I don’t set out explicitly to educate with my work, although I do make an attempt to lead others to discover a new perspective. The response to showing my #MeToo Boutique work has been especially gratifying because others appreciate it so quickly for both its incisiveness and the levity that it provides to the current political climate. My art is undeniably a vehicle for me to connect —I enjoy speaking publicly about the important issues for women both young and old contained within my work.
You have a series separately addressing advertising towards men. How did you approach this topic differently, and what observations did you make during your research?
Although the #MeToo Boutique series scrutinizes the apologies made by men who have been accused of sexual harassment, the concept for the work is rooted in the female experience. Back in 2017, at the time that the movement began, I was drawing women’s beauty products with an interest in the marketing messages featured on packaging. Each one shamelessly identified a flaw that needed correction: large pores, thin lips, wrinkles, unruly brows, short lashes. It occurred to me that as women, we’re used to apologizing. So, when hearing rich and powerful men beginning to admit they have flaws, they had done something wrong, and they are sorry, this was flipping the script. I began to draw classic men’s consumer products like Brut Aftershave, Irish Spring Soap, and Barbasol Shaving Cream with quotes from their apologies replacing the actual product names, aiming to bring attention to the differences in societal expectations between men and women.
How has your work criticizing beauty advertising affected your own relationship with beauty products?
Let’s put it this way… I’ve stopped using eye cream, but I’m currently in the throes of attempting to bleach my age spots. It is a three month process of both morning and evening applications.
Can you tell me about your use of mirrors and how you think about reflection?
In preparing for an upcoming solo show this October at Ground Floor Gallery in Brooklyn, I’ve begun to explore the relationship of mirrors to our use of social media. While I see much more diversity in imagery and advertising today than when I was growing up (models with stretch marks?!), I find it curious that young women today feel even more pressure to live up to standards of beauty and acceptance. Our “mirrors” have become so public, that it’s almost as if you can’t sit in your bedroom and pop a pimple without the whole world knowing.
Society’s expectations are often ingrained in us. How can we break free from these constraints that are rooted in consumerism?
For me, looking at things very carefully has led me to new conclusions. When drawing a product for days, weeks, or months, my thoughts are free to roam. I notice small details of typefaces and packaging design that have been meticulously constructed to create a specific feeling or image for the customer.
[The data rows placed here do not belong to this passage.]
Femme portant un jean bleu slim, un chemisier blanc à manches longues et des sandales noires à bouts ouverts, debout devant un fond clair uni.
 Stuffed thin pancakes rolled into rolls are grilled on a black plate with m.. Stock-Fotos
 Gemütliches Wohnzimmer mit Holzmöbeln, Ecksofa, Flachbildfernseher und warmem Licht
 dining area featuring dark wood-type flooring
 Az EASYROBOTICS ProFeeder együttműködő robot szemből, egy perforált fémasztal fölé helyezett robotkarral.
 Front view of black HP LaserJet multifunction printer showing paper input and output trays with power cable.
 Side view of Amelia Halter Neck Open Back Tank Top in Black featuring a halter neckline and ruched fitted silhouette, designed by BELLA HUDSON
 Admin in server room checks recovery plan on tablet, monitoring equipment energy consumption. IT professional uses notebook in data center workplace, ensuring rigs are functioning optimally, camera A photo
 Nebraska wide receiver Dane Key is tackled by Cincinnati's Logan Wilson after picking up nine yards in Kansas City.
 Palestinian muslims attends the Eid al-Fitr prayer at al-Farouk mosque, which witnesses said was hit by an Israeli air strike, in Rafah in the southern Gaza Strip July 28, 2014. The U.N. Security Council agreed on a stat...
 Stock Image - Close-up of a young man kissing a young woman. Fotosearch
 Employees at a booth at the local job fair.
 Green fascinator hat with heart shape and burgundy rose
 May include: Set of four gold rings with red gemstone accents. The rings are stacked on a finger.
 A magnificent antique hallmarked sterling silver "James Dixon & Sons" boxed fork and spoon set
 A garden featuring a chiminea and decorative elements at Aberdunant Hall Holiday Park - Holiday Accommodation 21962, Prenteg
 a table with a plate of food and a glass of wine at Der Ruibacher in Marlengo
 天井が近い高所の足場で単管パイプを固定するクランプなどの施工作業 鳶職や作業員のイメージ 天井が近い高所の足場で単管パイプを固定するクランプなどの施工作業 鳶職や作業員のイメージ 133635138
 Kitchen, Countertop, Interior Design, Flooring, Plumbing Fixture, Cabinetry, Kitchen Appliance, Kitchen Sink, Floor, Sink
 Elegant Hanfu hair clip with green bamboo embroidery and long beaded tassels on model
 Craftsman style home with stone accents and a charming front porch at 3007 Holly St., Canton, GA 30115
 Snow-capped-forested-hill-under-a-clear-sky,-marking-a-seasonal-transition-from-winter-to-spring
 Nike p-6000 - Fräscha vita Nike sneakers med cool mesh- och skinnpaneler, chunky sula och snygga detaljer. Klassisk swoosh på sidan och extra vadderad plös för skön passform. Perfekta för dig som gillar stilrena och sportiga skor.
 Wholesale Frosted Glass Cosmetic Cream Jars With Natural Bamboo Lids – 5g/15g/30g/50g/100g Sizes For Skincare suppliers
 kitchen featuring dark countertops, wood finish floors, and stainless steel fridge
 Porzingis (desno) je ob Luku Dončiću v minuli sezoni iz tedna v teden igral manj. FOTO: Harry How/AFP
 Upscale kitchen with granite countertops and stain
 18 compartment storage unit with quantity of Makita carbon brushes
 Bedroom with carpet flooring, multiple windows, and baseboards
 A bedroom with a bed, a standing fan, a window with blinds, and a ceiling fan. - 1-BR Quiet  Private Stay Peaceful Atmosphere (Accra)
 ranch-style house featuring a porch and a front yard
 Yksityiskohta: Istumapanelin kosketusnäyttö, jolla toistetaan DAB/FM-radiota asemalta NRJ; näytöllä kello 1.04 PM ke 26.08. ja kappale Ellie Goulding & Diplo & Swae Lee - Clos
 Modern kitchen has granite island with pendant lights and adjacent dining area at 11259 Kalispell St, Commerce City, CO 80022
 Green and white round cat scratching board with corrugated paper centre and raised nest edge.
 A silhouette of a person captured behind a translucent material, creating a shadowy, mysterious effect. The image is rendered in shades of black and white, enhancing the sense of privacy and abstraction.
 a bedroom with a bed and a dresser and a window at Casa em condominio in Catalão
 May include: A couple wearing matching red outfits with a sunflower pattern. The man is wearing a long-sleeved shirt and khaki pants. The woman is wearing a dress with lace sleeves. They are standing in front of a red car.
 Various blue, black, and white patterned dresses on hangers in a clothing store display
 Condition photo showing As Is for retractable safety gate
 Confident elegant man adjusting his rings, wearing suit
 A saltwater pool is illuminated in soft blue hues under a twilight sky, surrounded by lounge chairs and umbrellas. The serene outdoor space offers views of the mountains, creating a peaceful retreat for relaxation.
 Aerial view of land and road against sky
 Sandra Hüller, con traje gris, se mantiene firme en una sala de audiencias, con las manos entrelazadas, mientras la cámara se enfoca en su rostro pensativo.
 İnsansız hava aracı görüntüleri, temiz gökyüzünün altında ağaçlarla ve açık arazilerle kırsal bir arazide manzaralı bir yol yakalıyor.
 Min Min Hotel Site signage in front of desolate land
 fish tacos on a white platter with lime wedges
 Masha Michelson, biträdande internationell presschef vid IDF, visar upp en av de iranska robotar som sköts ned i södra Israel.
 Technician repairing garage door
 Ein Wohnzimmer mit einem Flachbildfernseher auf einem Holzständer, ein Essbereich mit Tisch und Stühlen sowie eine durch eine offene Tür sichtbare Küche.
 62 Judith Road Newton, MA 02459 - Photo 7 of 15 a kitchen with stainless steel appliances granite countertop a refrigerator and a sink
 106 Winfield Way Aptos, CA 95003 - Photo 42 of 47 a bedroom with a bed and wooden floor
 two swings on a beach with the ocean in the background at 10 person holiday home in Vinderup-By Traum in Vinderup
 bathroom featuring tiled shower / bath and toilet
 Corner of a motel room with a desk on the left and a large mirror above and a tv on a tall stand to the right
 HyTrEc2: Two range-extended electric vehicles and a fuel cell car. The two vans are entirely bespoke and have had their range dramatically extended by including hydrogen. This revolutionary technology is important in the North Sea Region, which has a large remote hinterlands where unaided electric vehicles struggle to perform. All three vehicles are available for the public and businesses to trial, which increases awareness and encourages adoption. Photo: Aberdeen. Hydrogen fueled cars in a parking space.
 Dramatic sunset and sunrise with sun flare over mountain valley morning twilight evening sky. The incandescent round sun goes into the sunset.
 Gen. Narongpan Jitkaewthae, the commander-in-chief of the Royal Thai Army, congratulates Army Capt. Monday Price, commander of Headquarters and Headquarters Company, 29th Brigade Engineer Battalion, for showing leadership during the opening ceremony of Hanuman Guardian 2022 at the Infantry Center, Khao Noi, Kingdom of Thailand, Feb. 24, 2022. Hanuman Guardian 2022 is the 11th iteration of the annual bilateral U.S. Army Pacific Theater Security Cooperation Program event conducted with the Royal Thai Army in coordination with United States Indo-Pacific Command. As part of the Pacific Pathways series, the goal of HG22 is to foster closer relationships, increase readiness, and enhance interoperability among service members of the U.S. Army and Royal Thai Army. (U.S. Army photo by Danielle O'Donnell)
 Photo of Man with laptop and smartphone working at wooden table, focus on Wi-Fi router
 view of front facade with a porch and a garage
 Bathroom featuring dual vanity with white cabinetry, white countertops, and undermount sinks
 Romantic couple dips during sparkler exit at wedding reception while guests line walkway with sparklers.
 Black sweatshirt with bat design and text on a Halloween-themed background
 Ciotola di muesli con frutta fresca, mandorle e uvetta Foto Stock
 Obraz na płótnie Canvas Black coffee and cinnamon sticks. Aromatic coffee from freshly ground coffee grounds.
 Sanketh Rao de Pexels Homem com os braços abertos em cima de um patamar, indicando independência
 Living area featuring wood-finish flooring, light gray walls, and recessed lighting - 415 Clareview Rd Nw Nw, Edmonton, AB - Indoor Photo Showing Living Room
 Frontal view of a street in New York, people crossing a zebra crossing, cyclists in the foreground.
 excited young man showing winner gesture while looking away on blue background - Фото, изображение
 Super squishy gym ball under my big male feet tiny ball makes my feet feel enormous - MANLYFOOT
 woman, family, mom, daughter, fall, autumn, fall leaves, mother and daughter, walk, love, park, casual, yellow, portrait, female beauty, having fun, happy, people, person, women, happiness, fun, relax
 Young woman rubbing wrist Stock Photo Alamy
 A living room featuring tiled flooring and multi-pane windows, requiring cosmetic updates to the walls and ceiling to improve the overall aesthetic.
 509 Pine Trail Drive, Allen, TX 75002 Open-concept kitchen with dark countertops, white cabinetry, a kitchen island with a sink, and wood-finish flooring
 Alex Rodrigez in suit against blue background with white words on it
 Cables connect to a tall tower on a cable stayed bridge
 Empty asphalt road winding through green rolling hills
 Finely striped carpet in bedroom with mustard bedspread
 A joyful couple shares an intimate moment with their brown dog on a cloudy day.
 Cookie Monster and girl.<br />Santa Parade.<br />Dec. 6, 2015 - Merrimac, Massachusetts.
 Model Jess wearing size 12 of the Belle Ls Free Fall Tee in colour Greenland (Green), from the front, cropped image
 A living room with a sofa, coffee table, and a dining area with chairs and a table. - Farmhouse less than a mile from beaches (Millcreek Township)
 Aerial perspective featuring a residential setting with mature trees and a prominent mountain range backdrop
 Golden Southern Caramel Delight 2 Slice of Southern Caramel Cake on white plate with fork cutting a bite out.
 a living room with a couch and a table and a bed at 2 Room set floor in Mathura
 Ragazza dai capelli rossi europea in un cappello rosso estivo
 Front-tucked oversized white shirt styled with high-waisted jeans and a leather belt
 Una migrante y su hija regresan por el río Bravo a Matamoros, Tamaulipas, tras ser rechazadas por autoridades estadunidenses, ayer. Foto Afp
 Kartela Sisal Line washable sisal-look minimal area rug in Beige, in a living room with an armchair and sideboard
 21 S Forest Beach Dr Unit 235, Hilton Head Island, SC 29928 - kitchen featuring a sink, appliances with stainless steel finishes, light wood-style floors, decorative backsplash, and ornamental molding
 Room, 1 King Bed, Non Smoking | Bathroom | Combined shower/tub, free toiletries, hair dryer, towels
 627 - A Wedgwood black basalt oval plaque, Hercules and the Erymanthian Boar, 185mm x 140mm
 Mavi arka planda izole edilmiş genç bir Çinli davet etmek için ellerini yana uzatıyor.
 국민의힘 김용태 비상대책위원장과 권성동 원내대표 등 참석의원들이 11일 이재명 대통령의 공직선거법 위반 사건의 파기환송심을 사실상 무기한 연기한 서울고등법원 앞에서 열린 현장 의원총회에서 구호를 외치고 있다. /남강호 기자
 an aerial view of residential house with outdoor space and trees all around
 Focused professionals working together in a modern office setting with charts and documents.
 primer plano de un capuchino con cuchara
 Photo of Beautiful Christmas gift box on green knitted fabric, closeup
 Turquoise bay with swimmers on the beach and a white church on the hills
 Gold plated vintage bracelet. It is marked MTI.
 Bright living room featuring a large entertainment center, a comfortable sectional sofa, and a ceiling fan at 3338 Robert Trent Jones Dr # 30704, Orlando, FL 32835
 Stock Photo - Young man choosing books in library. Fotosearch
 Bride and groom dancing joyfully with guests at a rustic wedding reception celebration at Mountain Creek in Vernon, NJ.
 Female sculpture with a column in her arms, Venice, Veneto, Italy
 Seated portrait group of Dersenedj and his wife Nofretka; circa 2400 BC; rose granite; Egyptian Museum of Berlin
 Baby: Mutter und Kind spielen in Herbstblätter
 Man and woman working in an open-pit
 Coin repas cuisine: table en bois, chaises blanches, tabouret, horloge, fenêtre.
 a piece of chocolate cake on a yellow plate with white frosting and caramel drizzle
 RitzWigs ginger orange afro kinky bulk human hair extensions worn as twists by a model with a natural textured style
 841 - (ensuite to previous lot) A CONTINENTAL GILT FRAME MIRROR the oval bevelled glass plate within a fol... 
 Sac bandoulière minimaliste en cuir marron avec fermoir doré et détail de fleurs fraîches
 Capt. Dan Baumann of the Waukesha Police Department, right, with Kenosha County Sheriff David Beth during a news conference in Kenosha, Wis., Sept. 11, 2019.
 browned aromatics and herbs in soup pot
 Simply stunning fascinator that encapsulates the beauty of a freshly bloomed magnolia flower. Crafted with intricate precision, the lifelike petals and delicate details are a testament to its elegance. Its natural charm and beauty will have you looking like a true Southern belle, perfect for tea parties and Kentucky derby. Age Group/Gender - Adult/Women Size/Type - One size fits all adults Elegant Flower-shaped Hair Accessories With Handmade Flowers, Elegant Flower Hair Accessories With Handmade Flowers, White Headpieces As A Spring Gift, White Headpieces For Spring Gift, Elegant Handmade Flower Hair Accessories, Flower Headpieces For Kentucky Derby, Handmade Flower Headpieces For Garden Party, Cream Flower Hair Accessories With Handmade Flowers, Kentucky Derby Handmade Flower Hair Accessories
By reproducing them in my own hand and calling attention to them in a new way, I’m able to rewrite these powerful narratives for myself.
Your upcoming solo show, Message in a Bottle, will transform the Ground Floor Gallery into an immersive installation. How does installation work allow you to develop concepts differently?
Much of my artwork begins with an idea that I want to draw attention to: the beauty of toilet paper; the rarity of men’s harassment apologies. The installation, therefore, provides a bigger platform to do just that. All the details of the environment can create a visual message that’s much stronger than a single drawing. I come from a design background that approaches branding in a similar way, i.e., conceiving each design element so it adds up to a larger story.
For “Message in a Bottle,” I'm transforming the gallery space into an upscale beauty boutique and filling it with my subversive versions of cosmetics, advertising and signage. In making new work for the show, I’ve been investigating the contradiction of women’s simultaneous embrace and skepticism of beauty products. Creating an immersive environment allows me to take it a step further and make a broader critique on the absurdity of the beauty industry by replicating the place where women often encounter these messages.